▶ _Exercise description_
Word for word, repeat the data that follows. Do not include the pictures.

▶ _Dataset content_
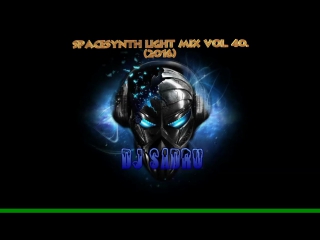 Dj sadru spacesynth light mix vol 40 (2016)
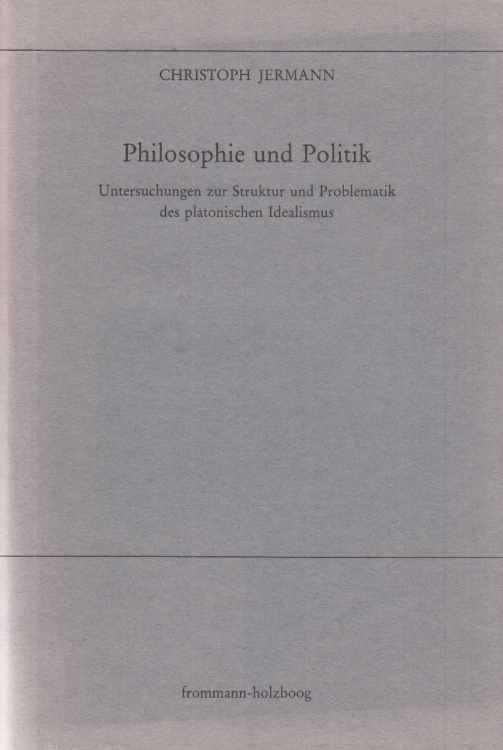 Platon, seine Erben und die 99 Thesen (German Edition)
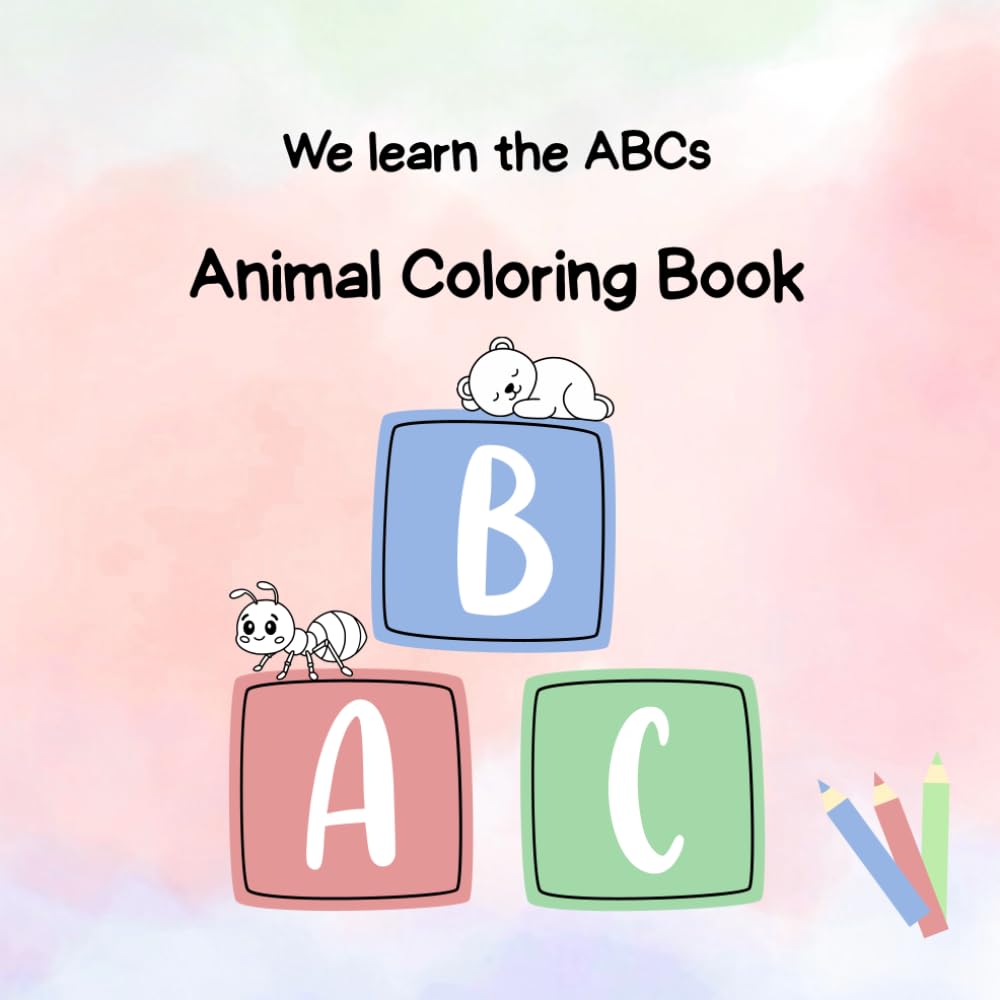 WE LEARN THE ABCs - Animal Coloring Book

▶ _Your response_
 Dj sadru spacesynth light mix vol 40 (2016)
 Platon, seine Erben und die 99 Thesen (German Edition)
 WE LEARN THE ABCs - Animal Coloring Book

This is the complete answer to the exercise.